Il suffit de jeter un coup d’œil à son passé pour s’apercevoir que MF DOOM n’a pas choisi de faire du rap de sous-terrain, c’est l’obscurité qui est venu à lui. 1990 marque le début de sa carrière, aux côtés de son frère Subroc, son véritable “partner in crime”, sous le nom de KMD – Kause Much Damage. Un patronyme qu’ils changeront pour Kause a Much Damaged Society dans une optique plus peace. C’est la mort de son frère et collègue de micro en 1993, lors de la sortie du mythique Bl_ck B_st_rds, qui fera basculer MF DOOM dans une vie artistique sombre.
Après l’échec de KMD (l’album n’a pu sortir à cause d’un conflit avec Elektra Records) et le deuil de son frère, DOOM entame une vie d’errance, de drogues dures et de vagabondages. Il en ressort en 2000, délaissant les rimes politiques pour faire naître un héros-monstre cachant son désespoir derrière un masque de métal, ne laissant visible et audible qu’un puissant égo-trip brumeux et industriel.
Sa musique forme une mosaïque hyper-complète et singulière de sonorités d’époques et de textes. Sampleurs assidus des années 70 (The Beatles, Isaac Hayes), fascinés par les comics (c.f ces nombreux clips et aka’s inspirés de Marvel), mêlant des flows instinctifs — presque parlés — et des interludes qui dépassent les limites temporelles. C’est entre 2001 et 2005, qu’il a charbonné et définitivement assis sa réputation dans les ruelles sombres de Long Island.

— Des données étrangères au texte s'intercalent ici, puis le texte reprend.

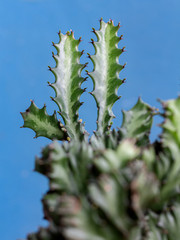 Succulent plant blue background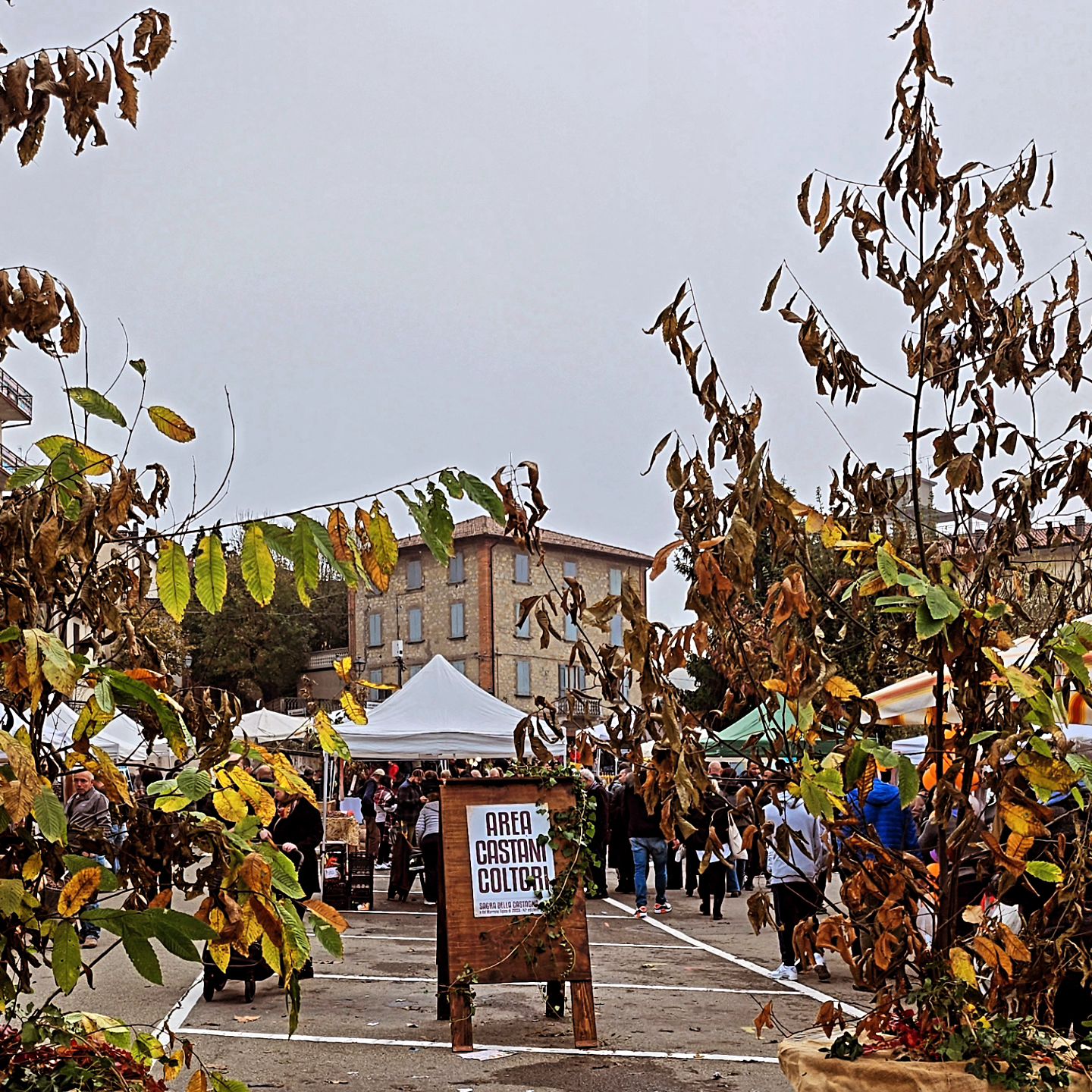 🌰🤎🌰🤎 3^ domenica di sagra della Castagna Ma non lultima!
😋😋😋
Vi aspettiamo oggi e domenica 3 novembre per due meravigliose giornate con tanti piatti prelibati della nostra tradizione caldarroste e  vin brulé!

Non perdevi i meravigliosi  banchi dei castanicoltori di salumi formaggi abbigliamento  arte-ingegno e tanto altro ancora!!

Oggi e domenica prossima tutti a Zocca!!!!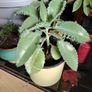 Mother of Thousands Image 7
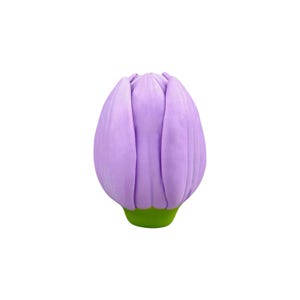 Pu&ograve; includere: Un bocciolo di fiore in peluche color lavanda con base verde. I petali morbidi e arrotondati sono ben chiusi, creando una superficie liscia e strutturata. Il bocciolo &egrave; un oggetto decorativo stravagante.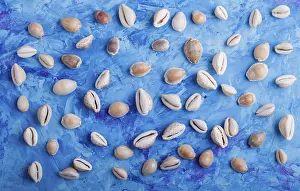 Blue Concrete Background Prints: Various seashells pattern on a blue concrete background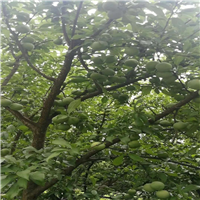 贵州李子苗批发，贵州李子苗基地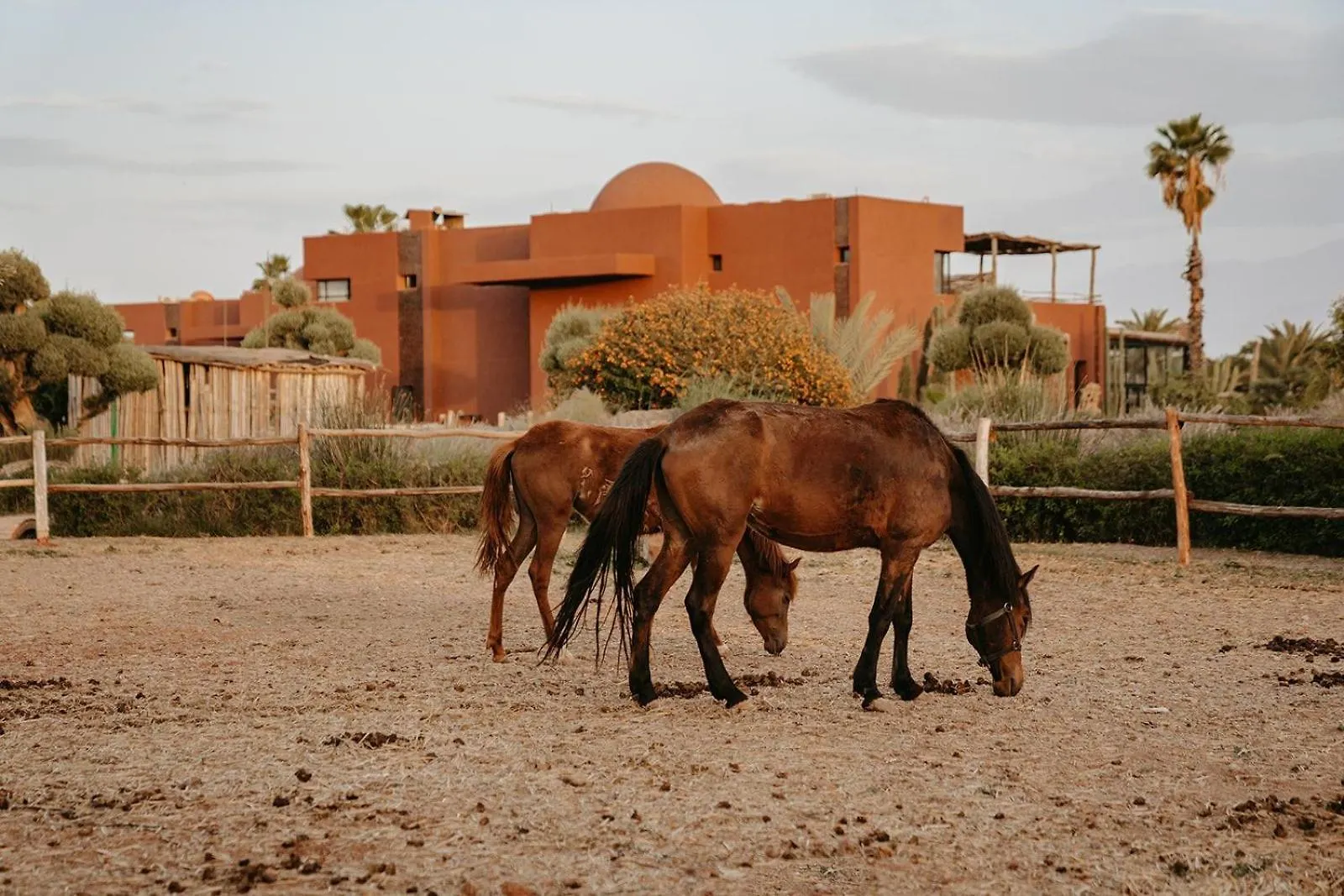 Fellah Hotel Aït Hamid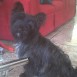 la hermosa dixi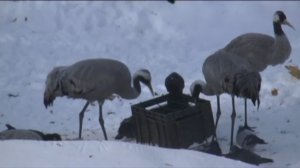 Зима в киевском зоопарке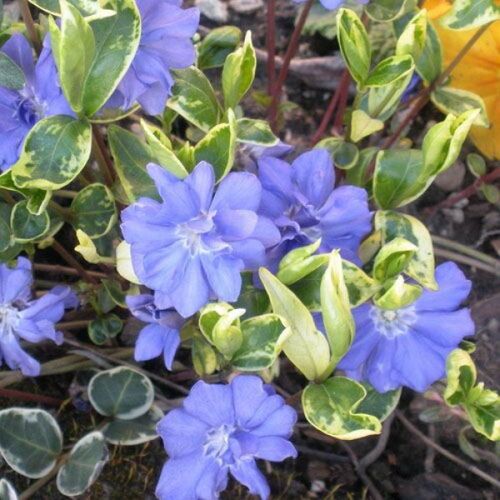 Барвинок малый Мунлайт/Vinca minor Moonlite Р1,5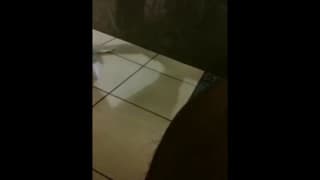 Vérifiez votre âge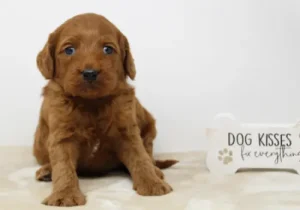 Four weeks Marcus Four weeks Marcus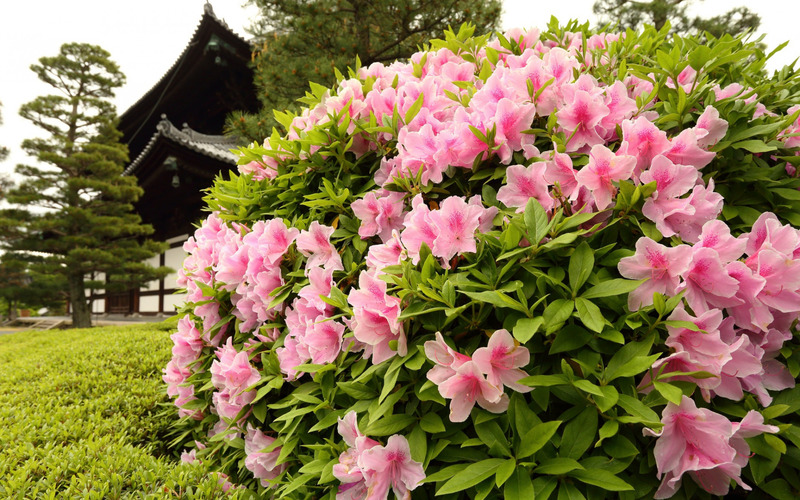 Рододендрон – «розовое дерево» в саду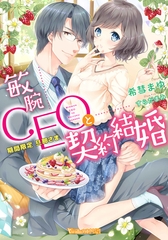 敏腕CEOと契約結婚～期間限定 旦那さま～ [ヴァニラ文庫]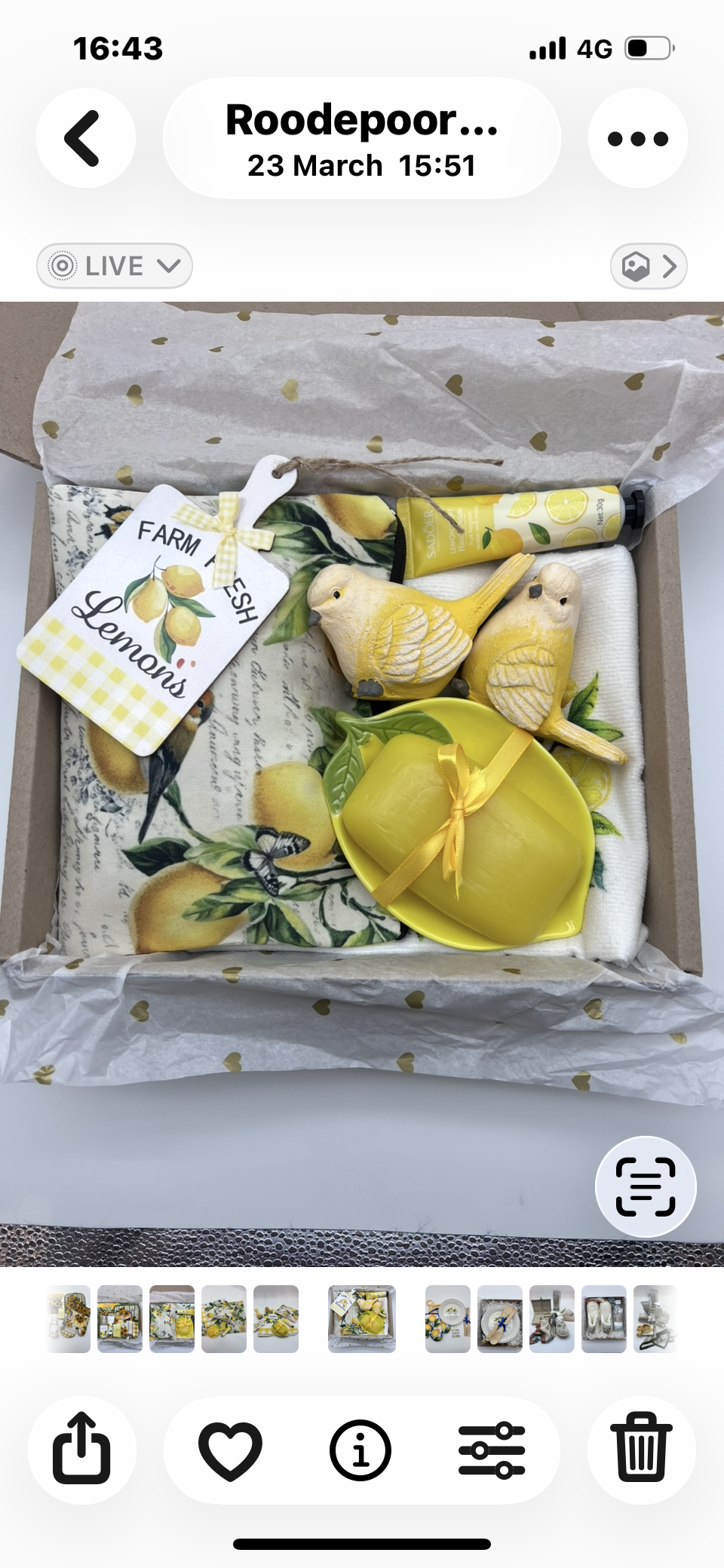 51. Lemon fresh. - Granny B's Old Fashioned Paint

Operation Doomsday marque réellement l’avènement de DOOM, s’en suivront Take me to your leader (2003) et Madvillainy (2004).
Avec MF DOOM, Dumile s’est littéralement transformé en super-héros sombre, usant de nombreux blazes, cultivant le mystère autour de son personnage, qui a totalement supplanté le rappeur qu’il était jadis. Il a même récemment ramené quelqu’un d’autre derrière son masque en plein concert pour interpréter ses sons.
Ses productions révèlent aussi d’un pluralisme obscur et débordant qui lui est propre. On entend des dialogues sans fin, des bruits de métaux d’usine, l’ambiance de la rue, le temps qui passe. La musique de DOOM vise à faire réagir, à titiller l’oreille de son auditeur par un son unique et chargé de sens et de sons. Un son à peine retravaillé, “crade”, à l’époque des productions léchées au snare près. Il oeuvre avec une garde rapprochée aussi talentueuse que réputée dans le milieu underground: J Dilla et Madlib, notamment sur l’album Born Like This.
Pour les kickeurs, DOOM a couché ses plus belles instrus dans de longues compilations (Special Herbs, volume 1 à 10), de véritables type beats avant l’heure, forts en jazz, funk, électro, avec une pincée de métallurgie et de synthés rétro.
Le CV de MF DOOM contient autant de featurings que de blazes choisis pour l’occasion par le rappeur, en voici une liste presque exhaustive : Zev Love X (avec le groupe K.M.D.), Madvillain (avec Madlib), DANGERDOOM (avec Danger Mouse), DOOMSTARKS (avec Ghostface Killah), JJ DOOM (avec Jneiro Jarel), NehruvianDOOM (avec Bishop Nehru)
Malgré de nouvelles épreuves (dont la mort de son jeune fils), l’homme aux mille blazes est revenu à la charge en 2018 avec notamment une grosse mixtape de Noël avec Cookin Soul, à déguster sur YouTube avec une bûche bien fat, un bourbon et un pull en laine crade.